(Beginning of Available data)
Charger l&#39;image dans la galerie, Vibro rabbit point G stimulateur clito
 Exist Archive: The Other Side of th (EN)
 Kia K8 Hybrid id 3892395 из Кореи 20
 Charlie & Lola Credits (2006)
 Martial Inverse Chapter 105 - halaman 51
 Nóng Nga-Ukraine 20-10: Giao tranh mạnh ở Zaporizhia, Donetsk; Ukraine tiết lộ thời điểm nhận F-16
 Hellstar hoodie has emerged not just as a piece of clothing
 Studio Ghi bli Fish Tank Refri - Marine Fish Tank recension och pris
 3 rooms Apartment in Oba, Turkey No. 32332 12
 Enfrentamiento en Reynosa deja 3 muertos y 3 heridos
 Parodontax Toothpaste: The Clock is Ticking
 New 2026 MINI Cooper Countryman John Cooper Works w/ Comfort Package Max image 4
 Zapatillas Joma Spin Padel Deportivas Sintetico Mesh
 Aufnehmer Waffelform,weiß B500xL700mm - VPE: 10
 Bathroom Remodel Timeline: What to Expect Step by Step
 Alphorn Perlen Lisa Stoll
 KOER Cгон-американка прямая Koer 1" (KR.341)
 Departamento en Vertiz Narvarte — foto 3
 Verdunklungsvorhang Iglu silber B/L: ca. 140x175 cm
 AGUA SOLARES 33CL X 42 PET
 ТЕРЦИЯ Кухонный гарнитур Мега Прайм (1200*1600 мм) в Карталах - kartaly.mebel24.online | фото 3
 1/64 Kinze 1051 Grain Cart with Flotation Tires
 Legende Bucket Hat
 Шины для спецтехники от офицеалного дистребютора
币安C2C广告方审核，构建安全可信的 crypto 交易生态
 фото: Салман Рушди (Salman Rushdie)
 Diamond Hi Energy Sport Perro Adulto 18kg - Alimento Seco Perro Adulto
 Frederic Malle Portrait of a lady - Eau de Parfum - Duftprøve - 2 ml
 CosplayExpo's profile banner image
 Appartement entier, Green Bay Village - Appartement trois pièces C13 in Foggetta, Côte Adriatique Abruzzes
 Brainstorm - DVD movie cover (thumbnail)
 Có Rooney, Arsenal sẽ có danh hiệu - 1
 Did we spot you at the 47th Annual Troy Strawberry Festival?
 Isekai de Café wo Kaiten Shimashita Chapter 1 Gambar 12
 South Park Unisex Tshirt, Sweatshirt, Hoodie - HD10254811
(End of Available data)
Problem statement:
The answer should be one number, namely how many lines of the entries above include the string "image".

Exercise solution:
3